> _What the task asks_:
Give exactly the lines from the one that contains "Mr. Paper Vintage-Sticker" through the end of the entries below, both included; the pictures stay out.

━━━━━ Supplied records

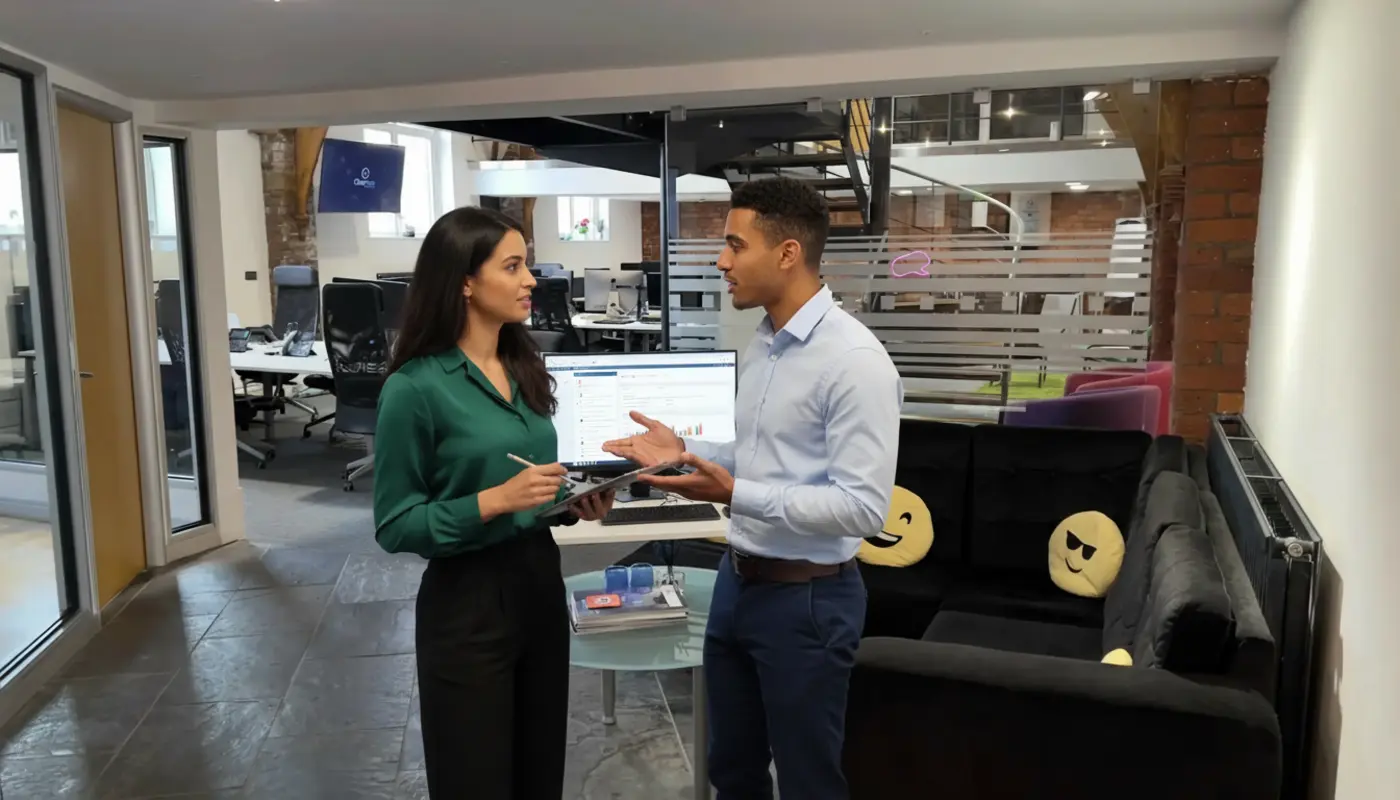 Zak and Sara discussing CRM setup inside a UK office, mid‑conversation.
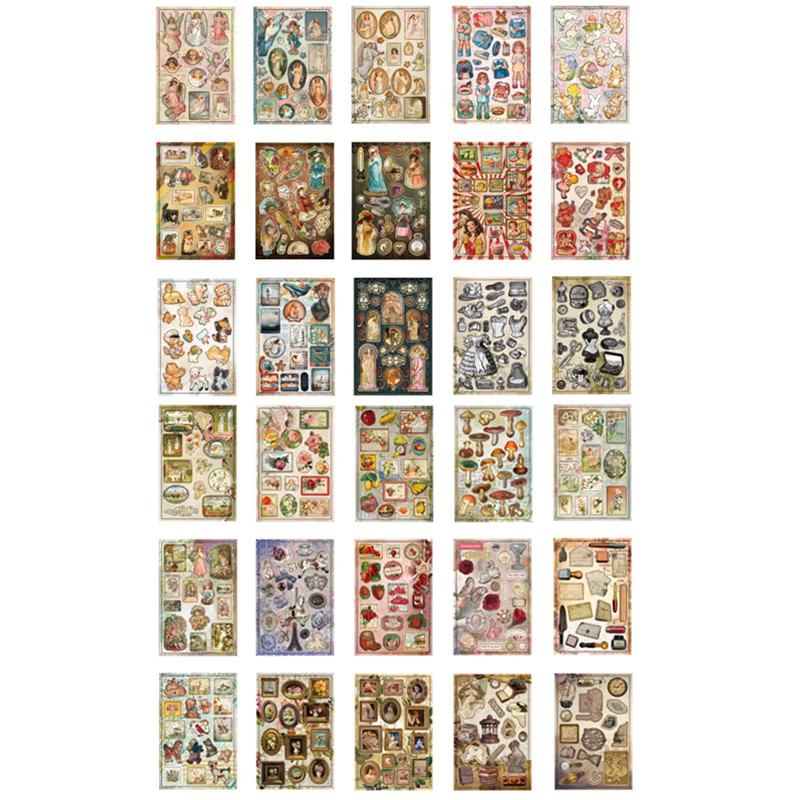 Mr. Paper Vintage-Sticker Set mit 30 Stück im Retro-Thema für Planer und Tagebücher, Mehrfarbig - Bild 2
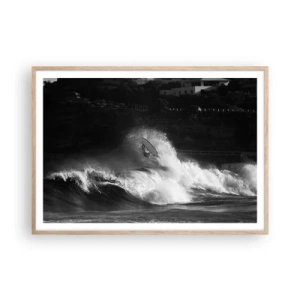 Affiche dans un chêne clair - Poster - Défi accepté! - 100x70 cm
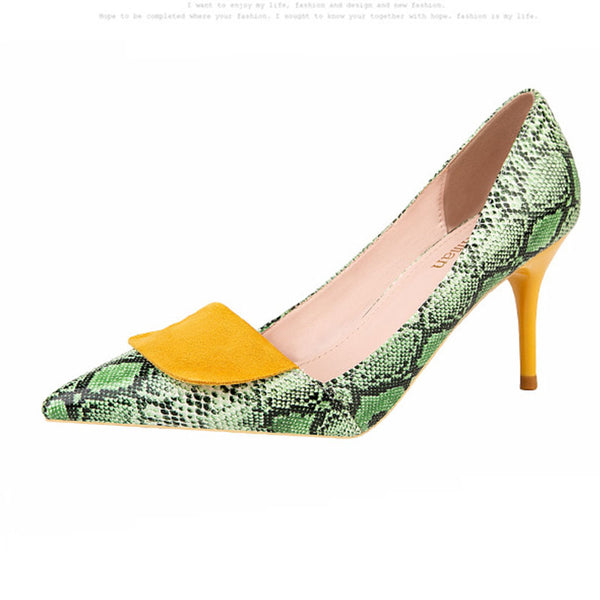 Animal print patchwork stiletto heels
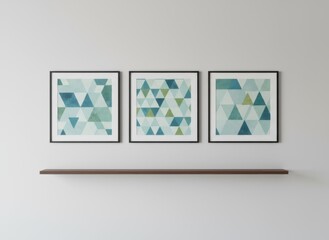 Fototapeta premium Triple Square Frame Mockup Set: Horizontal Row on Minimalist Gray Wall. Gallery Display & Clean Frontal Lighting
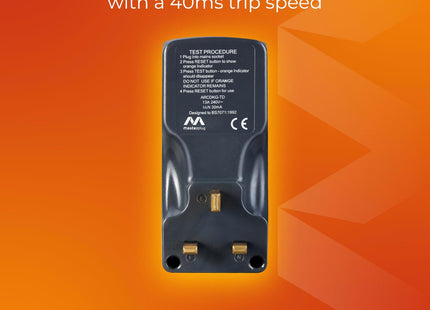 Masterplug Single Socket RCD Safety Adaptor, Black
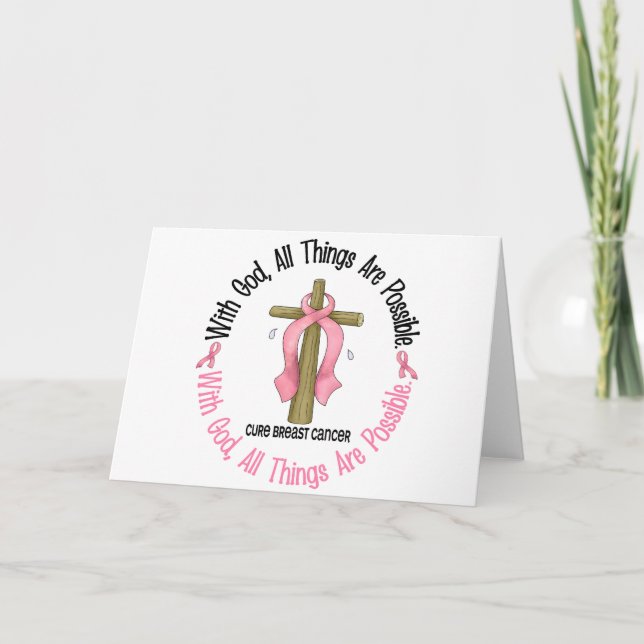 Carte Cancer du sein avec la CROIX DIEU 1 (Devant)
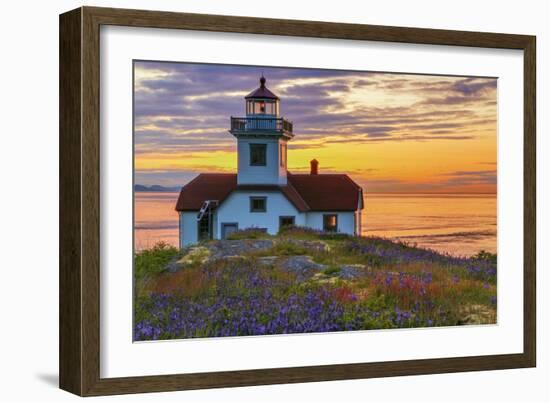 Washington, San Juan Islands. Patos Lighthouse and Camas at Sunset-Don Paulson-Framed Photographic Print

━━━━━━━━━━

> _Result for this task_:
 Mr. Paper Vintage-Sticker Set mit 30 Stück im Retro-Thema für Planer und Tagebücher, Mehrfarbig - Bild 2
 Affiche dans un chêne clair - Poster - Défi accepté! - 100x70 cm
 Animal print patchwork stiletto heels
 Fototapeta premium Triple Square Frame Mockup Set: Horizontal Row on Minimalist Gray Wall. Gallery Display & Clean Frontal Lighting
 Masterplug Single Socket RCD Safety Adaptor, Black
 Carte Cancer du sein avec la CROIX DIEU 1 (Devant)
 Washington, San Juan Islands. Patos Lighthouse and Camas at Sunset-Don Paulson-Framed Photographic Print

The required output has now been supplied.